[Source material — start]

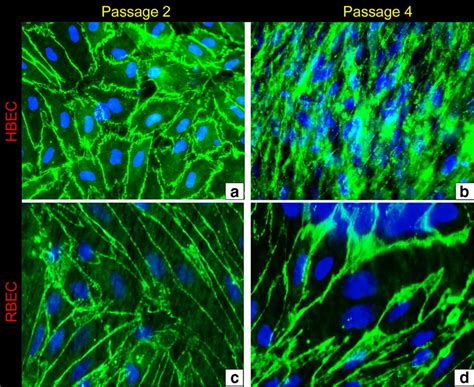 Immunofluorescent Staining For The Tight Junction Protein Zo In Human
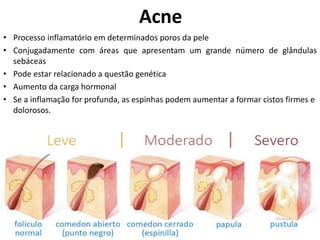 • Processo inflamatório em determinados poros da pele
• Conjugadamente com áreas que apresentam um grande número de glândulas
sebáceas
• Pode estar relacionado a questão genética
• Aumento da carga hormonal
• Se a inflamação for profunda, as espinhas podem aumentar a formar cistos firmes e
dolorosos.
Acne
 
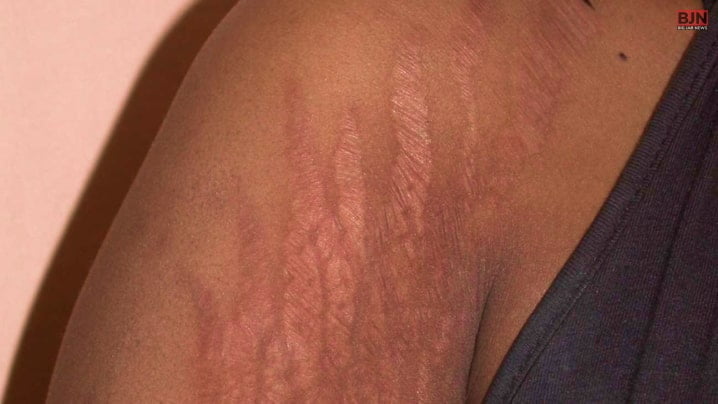 The Subtle Warning Signs_ Are Those Stretch Marks Trying to Tell You Something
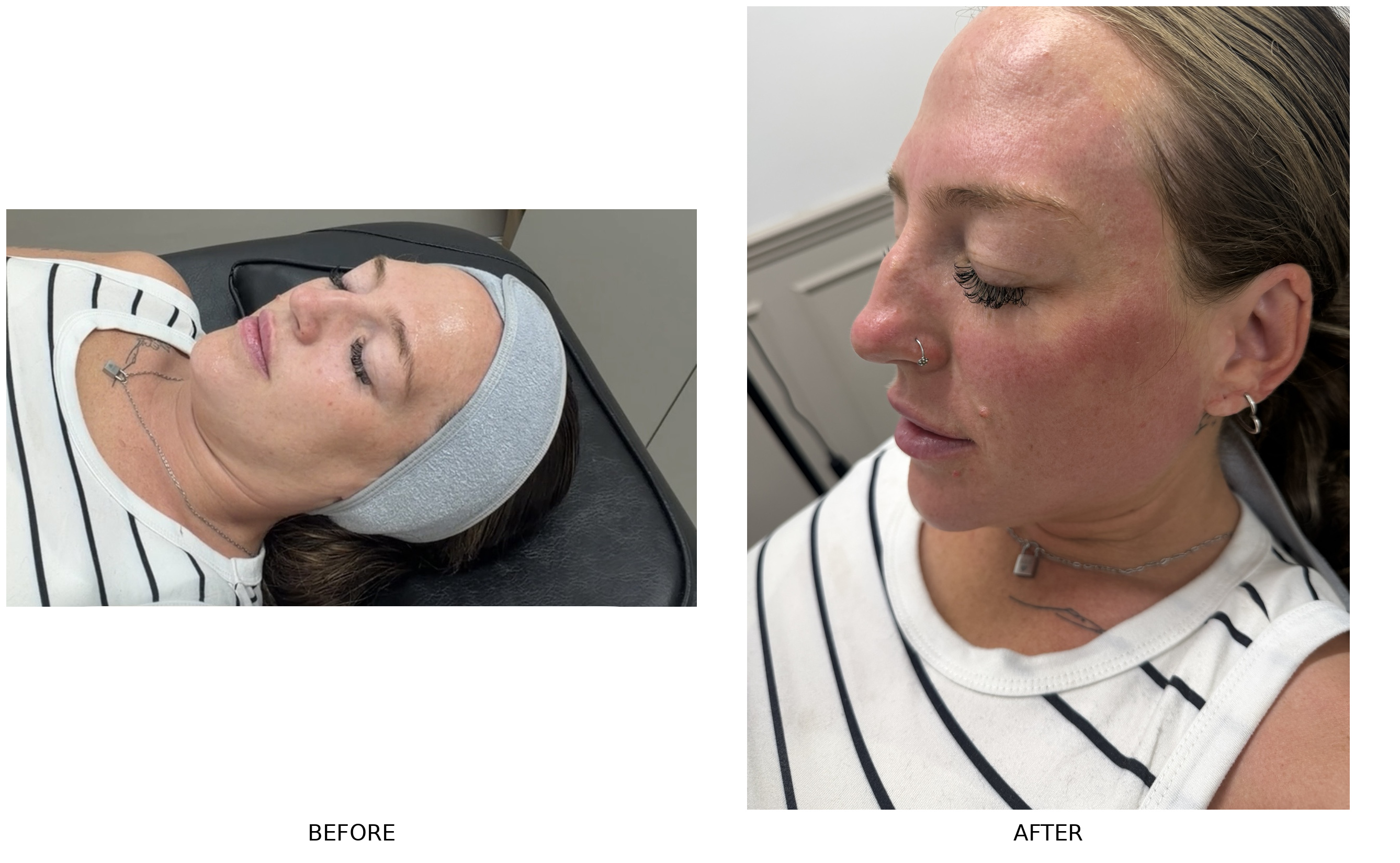 Before and after deluxe dermaplaning and meso-tox microneedling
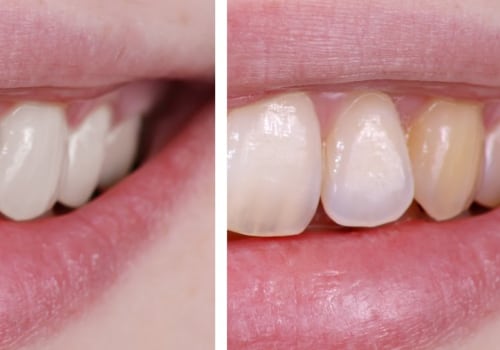 Can Teeth Whitening Damage Your Teeth? An Expert's Perspective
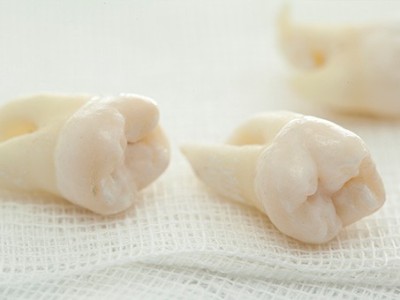 智齒疼了，這牙非拔不可嗎？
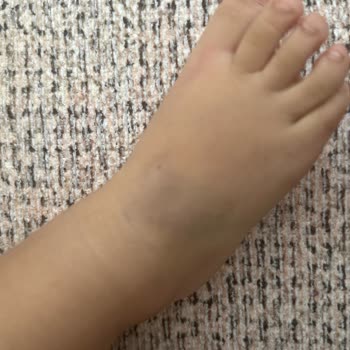 Medihaus Cerrahi Tıp Merkezi'nde Bebek Sünnetinde Damar Yolu Açma Konusundaki Yetersiz Hemşirelik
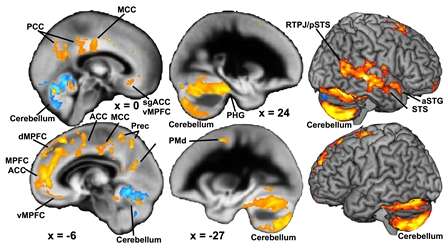 Family problems experienced in childhood and adolescence affect brain development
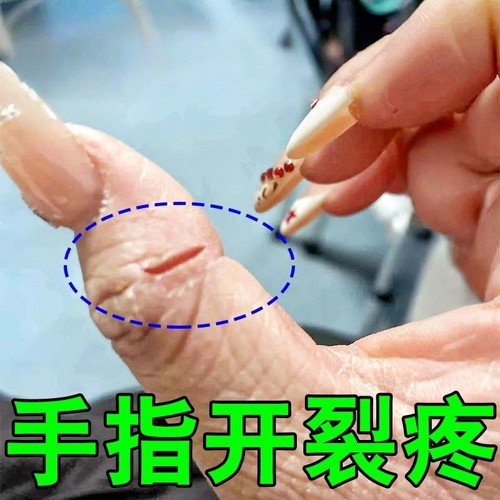 治手裂的药膏手指头干裂真菌感染防皲裂药膏开裂口干燥粗糙护手霜
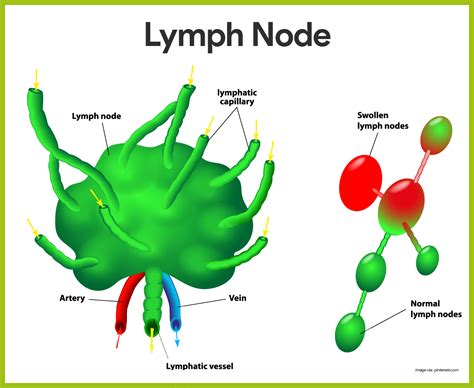 Lymph Nodes The Lymph Nodes In Particular Help Protect The Body By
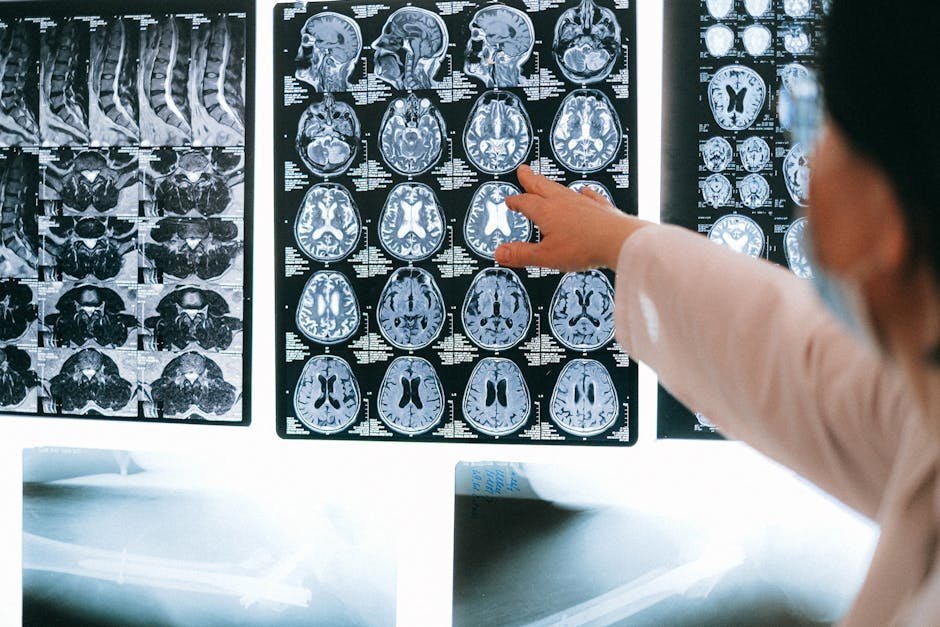 Brain MRI workstation showing white matter changes characteristic of chronic toluene exposure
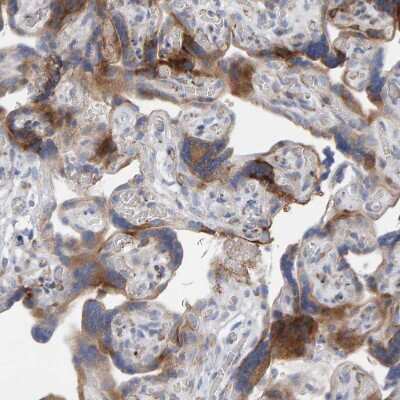 Immunohistochemistry-Paraffin: MMP-16/MT3-MMP Antibody [NBP1-86721]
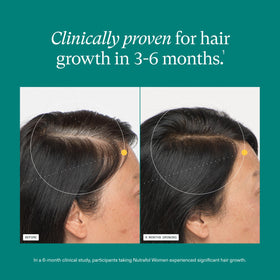 Nutrafol Women Hair Growth Supplements packaging side view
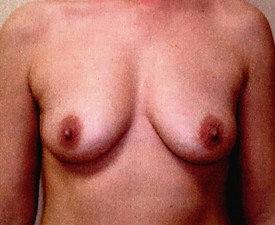 Breast Augmentation Patient Photo - Case 870 - before view-0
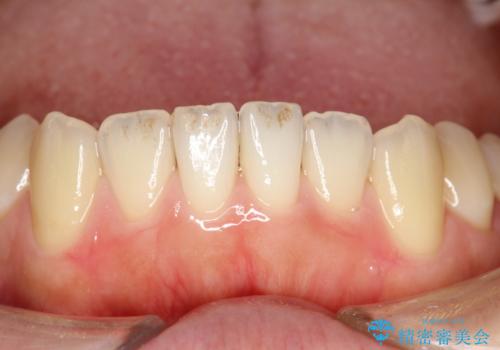 茶渋による汚れをクリーニングできれいにの治療前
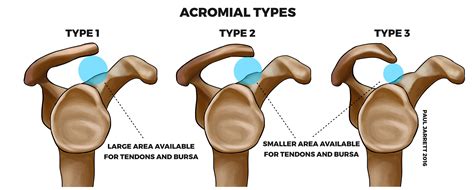 Types Of Acromion Shapes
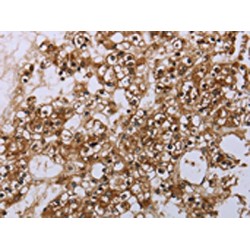 Caspase 8 Associated Protein 2 (CASP8AP2) Antibody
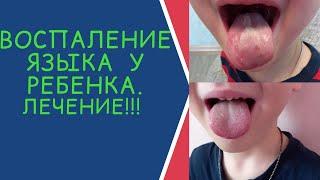 ВОСПАЛЕНИЕ ЯЗЫКА У РЕБЕНКА!!!ГЕОГРАФИЧЕСКИЙ ЯЗЫК !!!ПОЛНОЕ ИЗЛЕЧЕНИЕ!!!!НАРОДНЫЕ РЕЦЕПТЫ!!!!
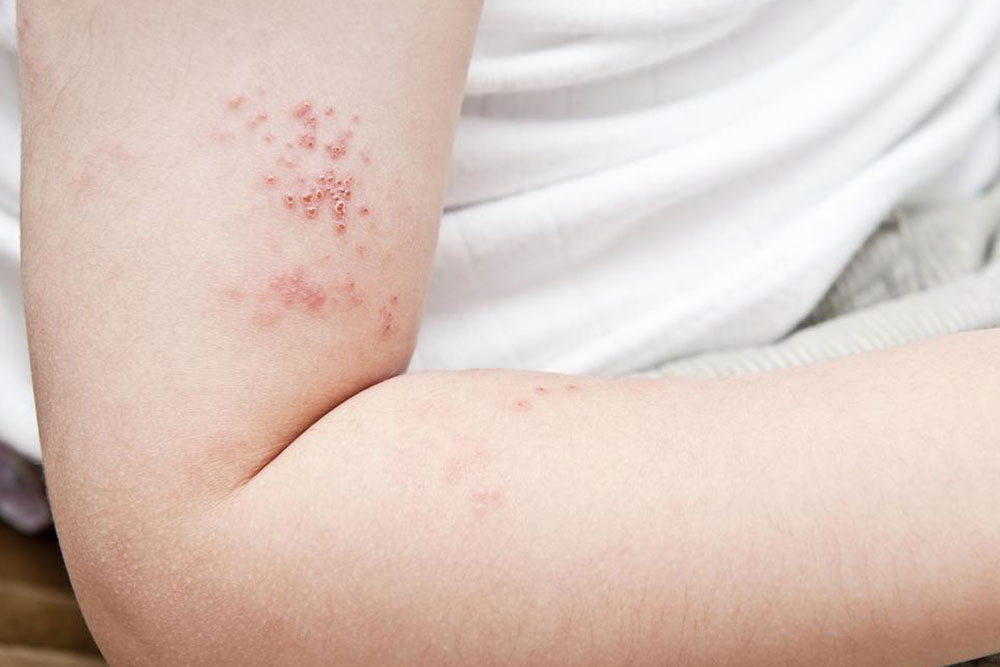Top Strategies for Managing Shingles Discomfort Effectively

[Source material — finish]

About this exercise ->
Where a record above holds a picture, drop the picture and print the rest exactly.

Result below ->
 Immunofluorescent Staining For The Tight Junction Protein Zo In Human
 • Processo inflamatório em determinados poros da pele
• Conjugadamente com áreas que apresentam um grande número de glândulas
sebáceas
• Pode estar relacionado a questão genética
• Aumento da carga hormonal
• Se a inflamação for profunda, as espinhas podem aumentar a formar cistos firmes e
dolorosos.
Acne
 
 The Subtle Warning Signs_ Are Those Stretch Marks Trying to Tell You Something
 Before and after deluxe dermaplaning and meso-tox microneedling
 Can Teeth Whitening Damage Your Teeth? An Expert's Perspective
 智齒疼了，這牙非拔不可嗎？
 Medihaus Cerrahi Tıp Merkezi'nde Bebek Sünnetinde Damar Yolu Açma Konusundaki Yetersiz Hemşirelik
 Family problems experienced in childhood and adolescence affect brain development
 治手裂的药膏手指头干裂真菌感染防皲裂药膏开裂口干燥粗糙护手霜
 Lymph Nodes The Lymph Nodes In Particular Help Protect The Body By
 Brain MRI workstation showing white matter changes characteristic of chronic toluene exposure
 Immunohistochemistry-Paraffin: MMP-16/MT3-MMP Antibody [NBP1-86721]
 Nutrafol Women Hair Growth Supplements packaging side view
 Breast Augmentation Patient Photo - Case 870 - before view-0
 茶渋による汚れをクリーニングできれいにの治療前
 Types Of Acromion Shapes
 Caspase 8 Associated Protein 2 (CASP8AP2) Antibody
 ВОСПАЛЕНИЕ ЯЗЫКА У РЕБЕНКА!!!ГЕОГРАФИЧЕСКИЙ ЯЗЫК !!!ПОЛНОЕ ИЗЛЕЧЕНИЕ!!!!НАРОДНЫЕ РЕЦЕПТЫ!!!!
Top Strategies for Managing Shingles Discomfort Effectively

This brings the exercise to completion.